Question 1: How do we get predictable operational costs which lower the TCO for our IT services?
Although some organizations achieve predictable operational costs for IT on their own, most don’t. They struggle with inadequate resources and experience that prevents them from optimizing their operations. Unplanned work is often a key problem that bogs down internal IT resources.
To overcome these problems, many organizations turn to third party outsourcers. However, sometimes this isn’t the right solution. Here’s how we find out if it is:
1. Audit: We review your organization’s internal controls, infrastructure, and effectiveness, uncover potential risks, and suggest corrective steps to mitigate them.
The final audit report provides you with insight into your organization’s current IT situation. Depending on the findings, we provide recommendations about how you can improve your IT infrastructure using internal or third party resources.
2. Performance benchmarks: We compare your IT performance with industry standards and show you areas for improvement by:
- Measuring your IT capital budget spending levels
- Analyzing your IT staffing levels
- Evaluating your IT key performance indicators
3. Cloud: We analyze how we can make your operations more agile and efficient by moving physical servers and devices into a secure, private cloud environment. By putting multiple servers on a single, reliable physical host, you lower IT costs and improve availability.
These steps confirm how you can achieve predictable IT costs through in-house improvements and outsourcing.
Question 2: What systems and processes do we need to safeguard in the event of a disaster and how do we ensure the continued operation of our business?

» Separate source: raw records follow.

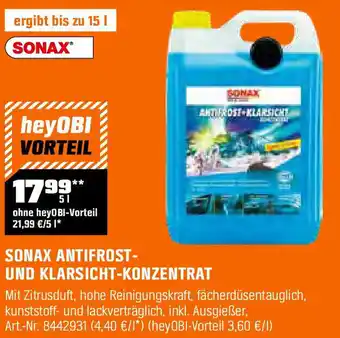 OBI SONAX ANTIFROST- UND KLARSICHT-KONZENTRAT Angebot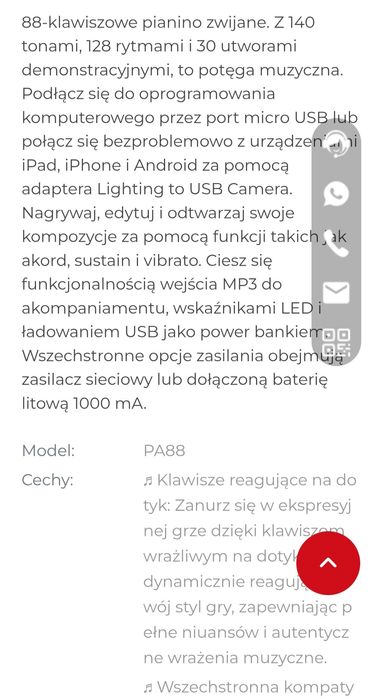 Profesjonalne silikonowe pianino zwijane 88key Konix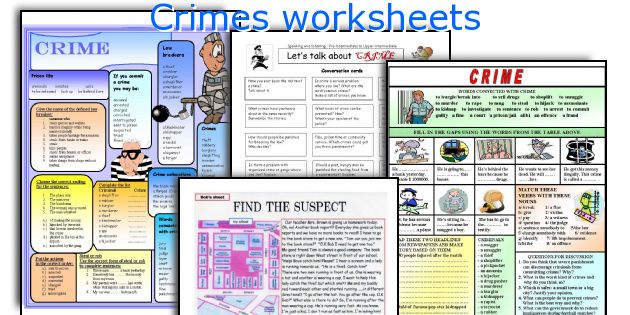 Crimes worksheets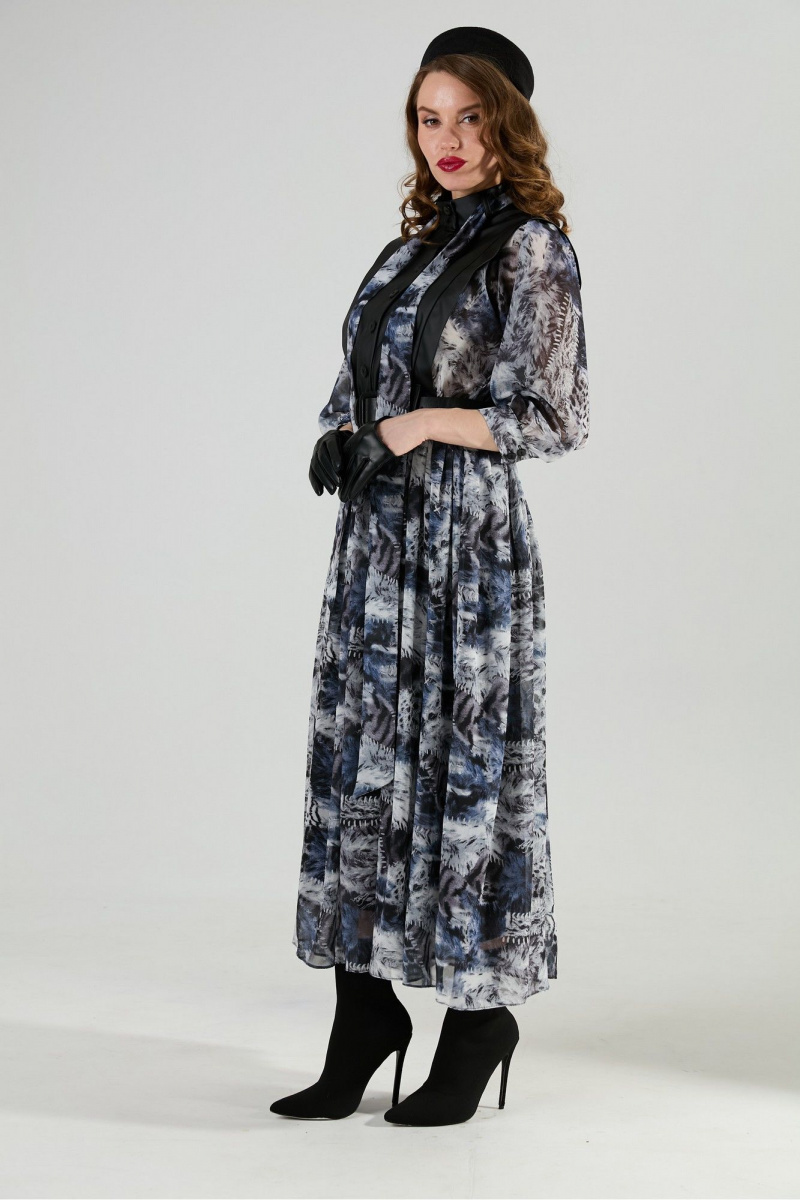 Платья NikVa 1010-2 чёрный/ серая_абстракция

There is no one size fits all answer for providing disaster recovery (DR) solutions. It’s important to determine a proper strategy for dealing with your exact situation and the likely effects of any disaster.
To do this, we always start with a Business Impact Assessment (BIA). The assessment:
- Identifies the inherit risks of potential disasters
- Outlines the predicted impact of a disaster in terms of loss of data, recovery timelines, and lost revenue.
A BIA is the heart of the DR planning process and determines the precise effects of disaster on your organization. The BIA also helps your organization figure out which services are too critical to risk losing during a disaster. In many cases, such as with corporate email and telephony, organizations benefit from having services hosted and managed offsite at a third party location that won’t be impacted by a disaster.
Question 3: What processes and services are too important to outsource?
The answer to this question is really a combination of discoveries in the question 1 and 2 that makes sense for your organization. After the audits, benchmarking, and BIA are complete, organizations usually outsource IT infrastructure that benefits from predictable costs savings, better resourcing, and improved service levels. Cloud services and DR planning are also a driving force in having companies outsource select processes and services into high availability and reliable third party environments.
For example, a mutual funds distribution business decided to control its wealth management application while outsourcing its communications infrastructure, server virtualization, and IT management to a third party. Coordination and communication services are essential to their business — so essential, in fact, that outsourcing them to a highly reliable third party private cloud environment ended up being a better choice than hosting the services in-house.
Why does this matter?
Whether we find that some services are best left in-house or outsourced, it’s still a good idea to get a third party to take a look at your IT infrastructure to find ways to stabilize your operating costs, improve sustainability, retain your competitive advantage, and open up doors to manageable IT solutions.